Des gros plans doivent tirer la sonnette d'alarme.
Le personnage de Rym Riahi, celui de Brahim et de Rahma.
Des individus aux rôles importants mais le plus dangereux c'est ce vice de forme de les avoir habillé dangereusement comme si la maternité s'arrête au port du voile. Ce voile qui reste une liberté personnelle, il noue le sort inutilement comme un objectif dans les intentions de Yacoub surtout après la polémique qui a touché la vie privée de l'excellente actrice.
Il le surenchérit par ce personnage doux, grand aux carrures d'athlète et à la voix travaillée à rendre appréciable sans cri ni violence et qui s'ingénue à réciter le Saint coran pour apaiser, nous apaiser comme dans une tournante soufi. le personnage de Brahim se résumerait donc à un homme-ange habillé intentionnellement à l'afghanne. Kamiss sur tenue de sport et basket. Une barbe qu'il entretient proprement mais surtout cette espèce de 3araquiya blanche sur la tête.
Le tout couronné d'un port particulièrement typique aux frères musulmans, le regard fuyant presque dans les souliers et cette voix ni trop perçante ni trop forte mais dans un juste milieu à minima mais qui se veut moralisatrice.
Brahim nous est servi comme un saint que le diable même n'arriverait pas à faire tomber malgré les tentations, même pas la très jolie gamine qu'il a pris chez lui sous sa coupe, héberge jour et nuit pour lui sauver la vie et peut être l'honneur.
Je ne m'attarderai pas trop sur ce niquab que la petite Rahma porte pour sortir dans la rue et se couvrir des regards intrus.
Il est et restera hors nos mœurs toujours d'actualité afghane et qui a eu son apogée en post révolution quand nos femmes ont été ballotées entre endoctrinement religieux et le mariage enniquah.
Certes, le feuilleton est moderne et traite des drames que vivent nos jeunes au quotidien. Il nous invite à beaucoup de messages de réflexion et de remise en question de toute une société qui part en vrille. Cela aurait été un bon feuilleton tout simplement hormis quelques coquilles.

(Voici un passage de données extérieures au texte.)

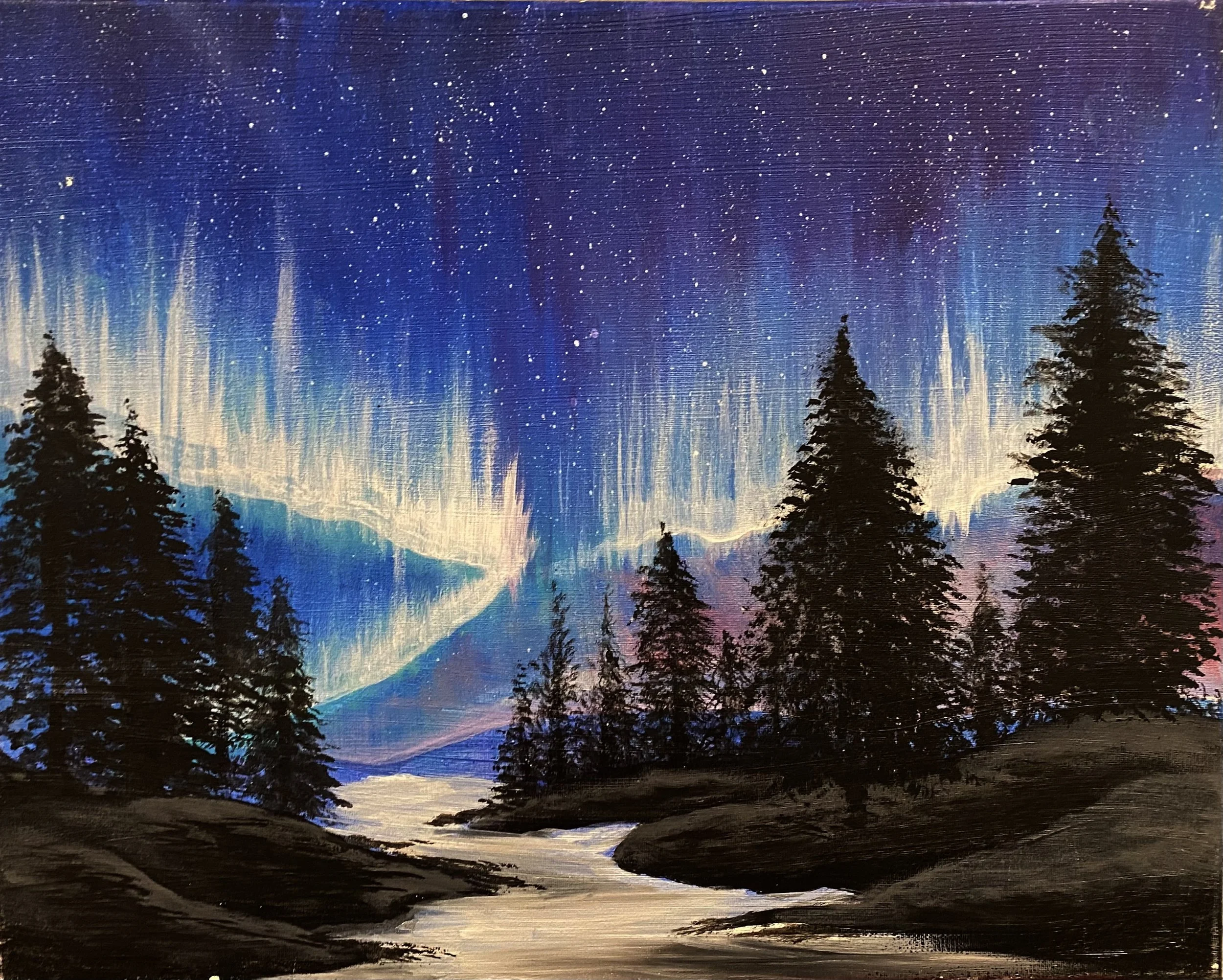 Painting &amp; Vino: Aurora Sky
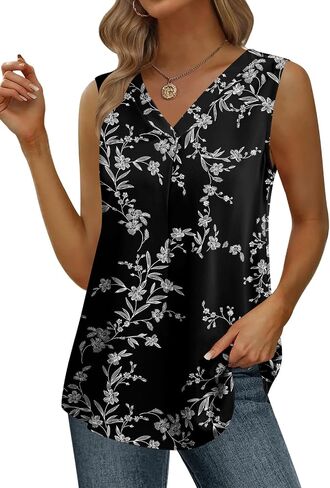 Yincro Womens Summer Dressy Chiffon Blouses V Neck Ruffle Short Sleeve Casual Tunic Tops in Saudi Arabia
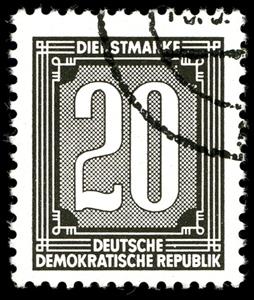 Stamp, Official Stamps for Administration Post A (ZKD) (I) Reprint, Germany, Democratic Republic,  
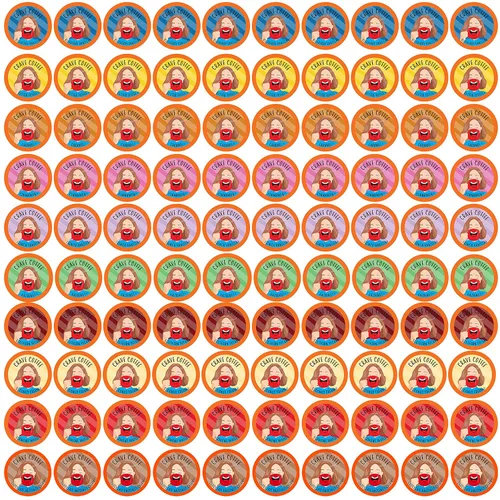 Vista 9 de Crave Beverages Muestra de cápsulas de café saborizadas, compatible con cafeteras 2.0 K-Cup, paquete variado surtido, 100 unidades (paquete de 2)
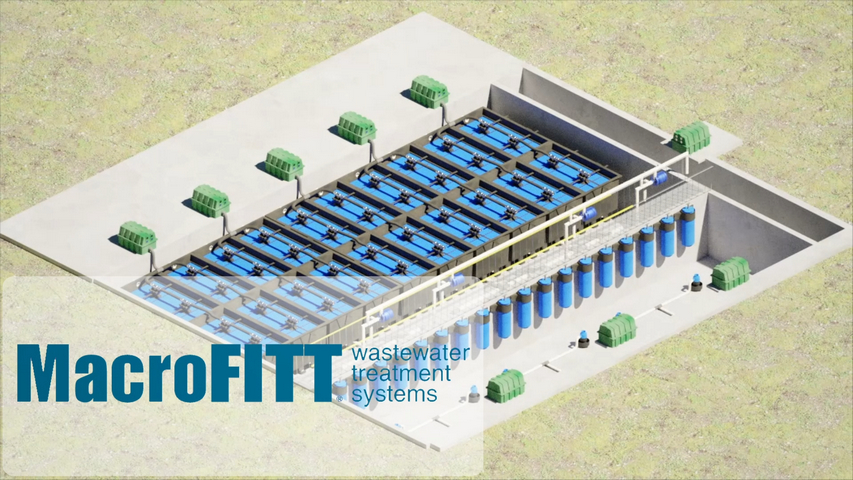 Visuel deMacroFITT® : Station d’épuration  La station d'épuration simplifiée, économique et écologique : alternative aux systèmes centralisés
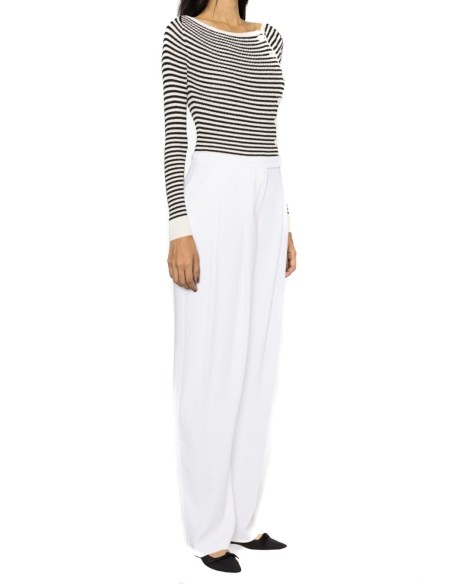 Pantalon blanc polyester | Pinko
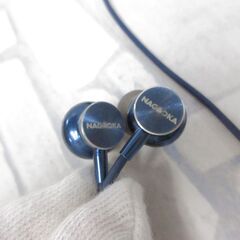 ( M-920 )ナガオカ Bluetooth ワイヤレスイヤホン NAGAOKA-BT826 USB Type-B充電 ブルー 青 中古 動作確認済みの画像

Cela aurait été bien, voire top dans un objectif d'art engagé. Ce choix du titre qui choque nous ramène aux zones de conflit au courant religieux terroriste. Ces recours à la religion et ces tenues vestimentaires à l'afghanne qui nous ramènent à la Ouma, l'Etat islamique. Un fin fil de confusion entre la piété, la foi qui voudraient prendre ses marques dans ces distinctions vestimentaires. Par ce jeu dangereux, il risque d'enfoncer les plus vulnérables dans un monde rigoriste qui ne sera jamais à la tunisienne.
Ces choix sont du flop purement flop pour ne pas me méprendre sur les intentions de la réalisatrice et du proprio de la chaine.
La fiction aussi peut être dangereuse et destructrice si elle n'est pas corollé à un art engagé et constructif.
Gardons en mémoire le massacre d'Hiroshima.
J'aime à croire que Sami Fehri comprendra un jour que ce n'est pas une simple télé qu'il possède mais une arme à double tranchant comme le nucléaire d'Einstein et les autres. Bon, la comparaison est peut-être trop osée et c'est fait exprès. Tout cela pour lui dire s'il vous plait ménagez notre société souffrante et qui peine à tenir debout. Respectez nos codes sociaux. Rahma aurait pu jouer avec un sefsari et une khama à la tunisienne et Brahim avec une jebba ou une blouse de travail à la djerbienne tout simplement.
L'image est aussi dangereuse qu'une arme à feu car elle reste dans l'imaginaire de chaque individu comme une bombe à retardement. Soit elle générera de l'énergie et perpétuera des vies soit elle détruira tout au passage.
Secouez, choquez voire buzzez à votre aise et faites votre argent mais faites du solide comme vous invite à réaliser ce discours de Bourguiba que vous avez judicieusement énoncé.
Ne vous retournez pas un jour avant votre fin devant les dégats sociétaires engendrés pour dire un peu comme Einstein le pacifiste:" j’aurai aimé être plombier ou colporteur."
Voilà j'espère avoir tout dit et surtout fait une critique citoyenne.
Ps: je sais le feuilleton n'est pas terminé mais la fin est une affaire de style et d'ascenseur émotionnel pour capter le public. Le tout a été déjà dit.